Joonyeong Kim

Formation, structure, and reactivity of amino-terminated organic films on silicon substrates

Amino-functionalized organic films were prepared by self-assembling 3-aminopropyltriethoxysilane (APTES) on silicon wafers in either anhydrous toluene or phosphate-buffered saline (PBS) for varied deposition times. Fourier transform infrared spectroscopy (FTIR) and ellipsometry have shown that the structure and thickness of APTES films are governed by the deposition time and reaction solution. Deposition from an anhydrous toluene solution produces APTES films ranging from 10 to 144 A in thickness, depending on the reaction time. FTIR spectra indicate that film growth initially proceeds by adsorption of APTES to the silicon surface followed by siloxane condensation, and after an extended period of time APTES molecules accumulate on the underlying APTES film by either covalent or noncovalent interactions.

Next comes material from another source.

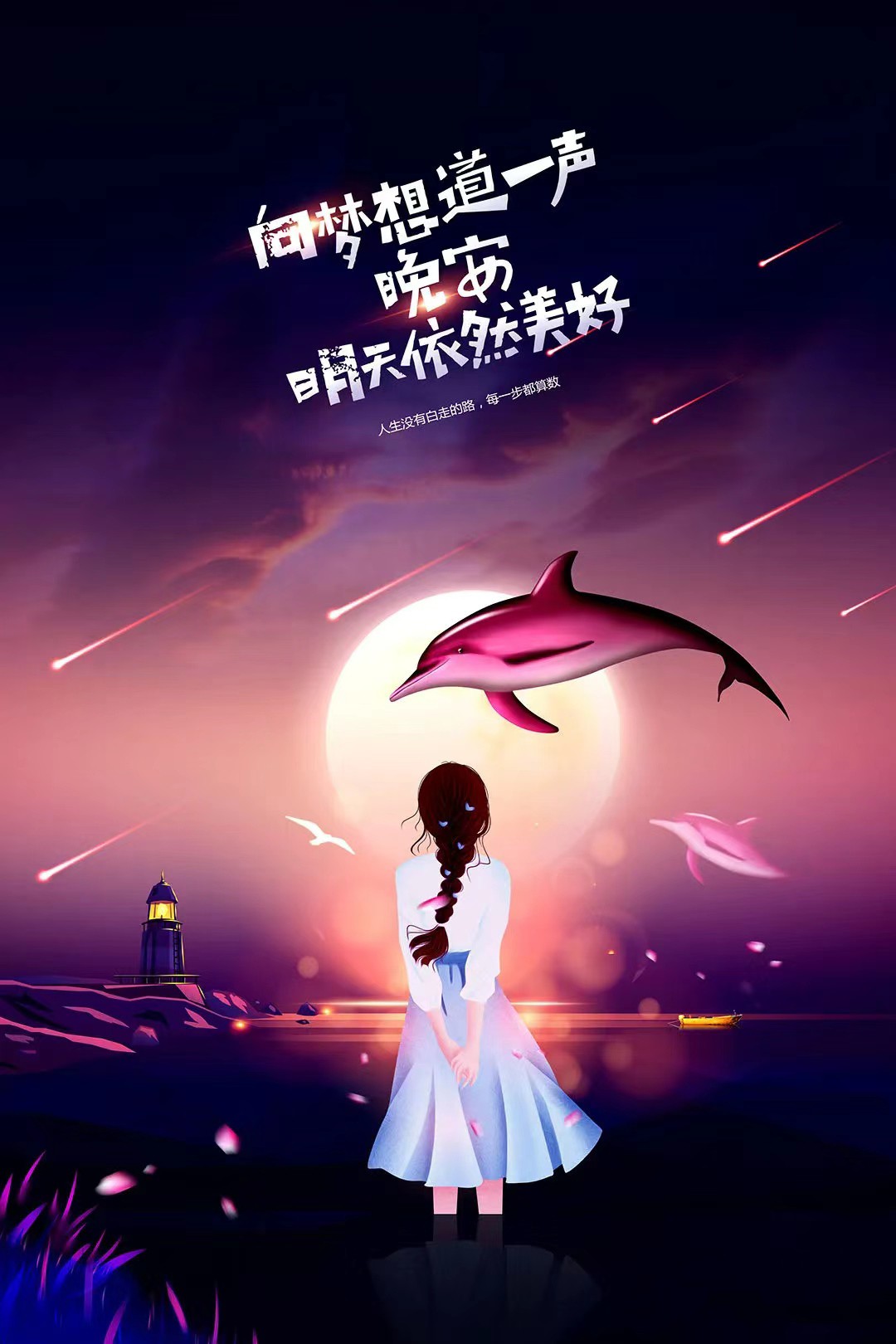 安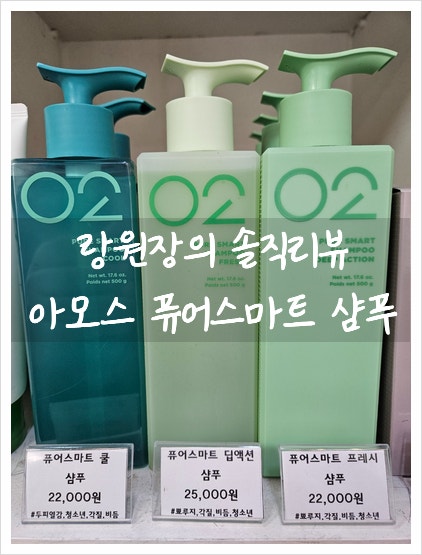 [솔직리뷰] 아모스02 퓨어스마트샴푸 사용후기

In contrast, spectroscopically indistinguishable APTES films in thickness ranging from 8 to 13 A were formed when deposition was conducted in aqueous solutions. Measured water contact angles indicate that APTES films deposited in aqueous solutions are more hydrophilic compared to those prepared in toluene solutions. Fluorescence measurements revealed that APTES films prepared in toluene solutions contain more reactive surface amino groups by ca. 3 to 10 times than those prepared in aqueous solutions for the identical reaction time.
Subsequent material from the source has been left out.